Collected material:
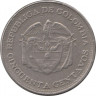 Монета. Колумбия. 50 сентаво 1962 год. рев.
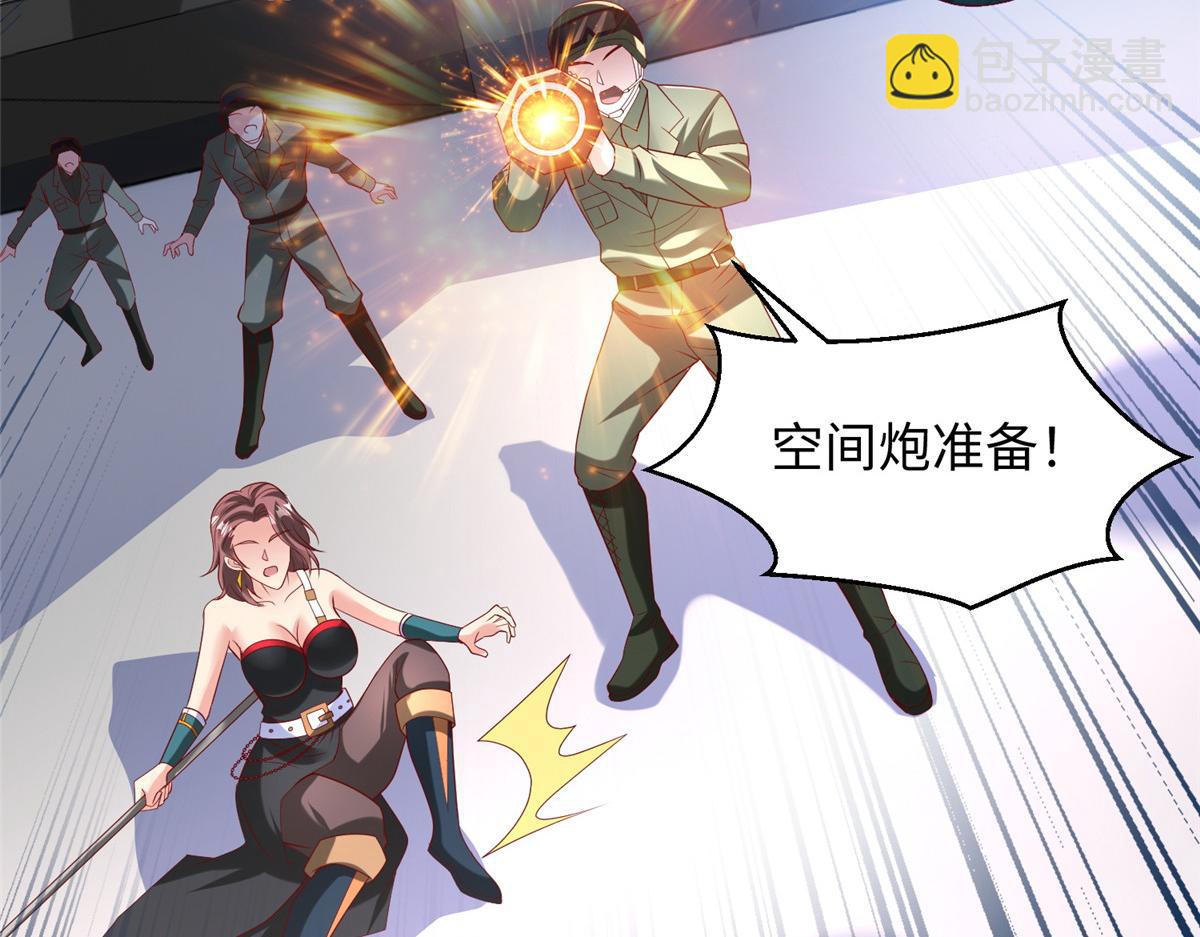 34 悲剧的龙萝莉(1/3)-第34话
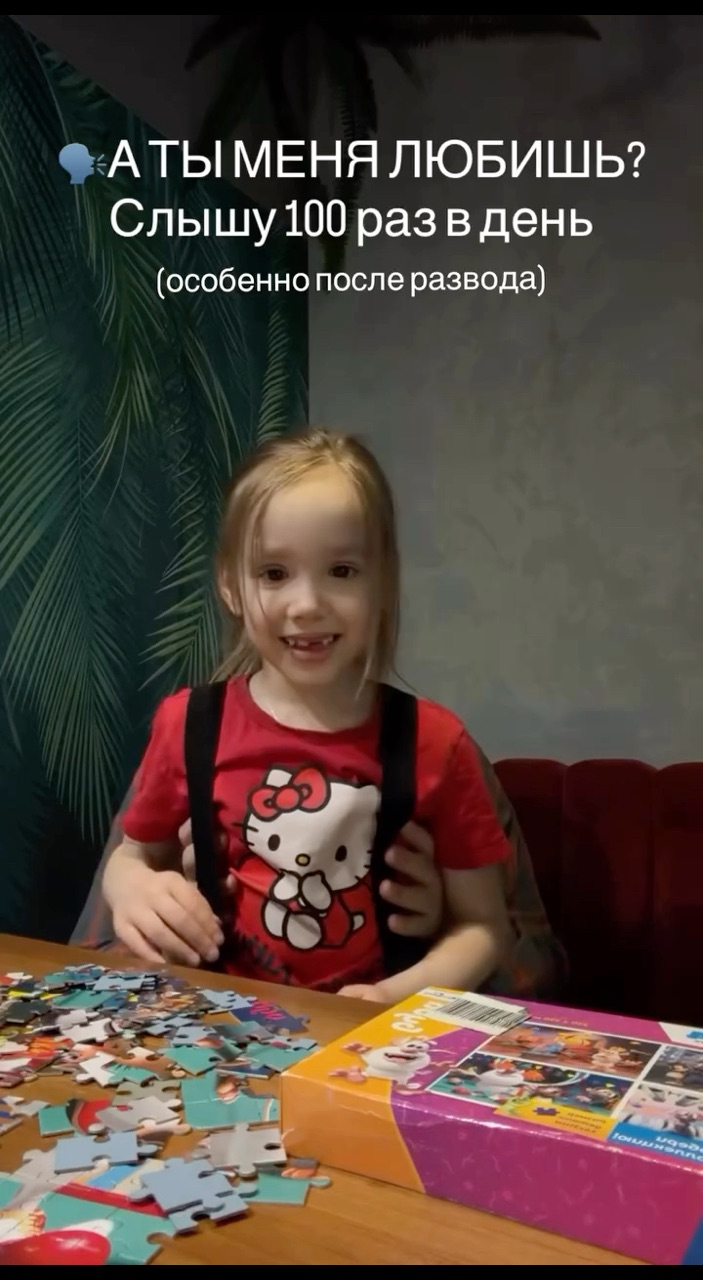 Елена Сагоян Пермь в LOOKY. #тыменялюбишь,#блогерпермь,#инсайтлюди,#послеразвода. А ты меня любишь?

Work request: Retype the data in full. Images do not go in the copy.

Written response:
 Монета. Колумбия. 50 сентаво 1962 год. рев.
 34 悲剧的龙萝莉(1/3)-第34话
 Елена Сагоян Пермь в LOOKY. #тыменялюбишь,#блогерпермь,#инсайтлюди,#послеразвода. А ты меня любишь?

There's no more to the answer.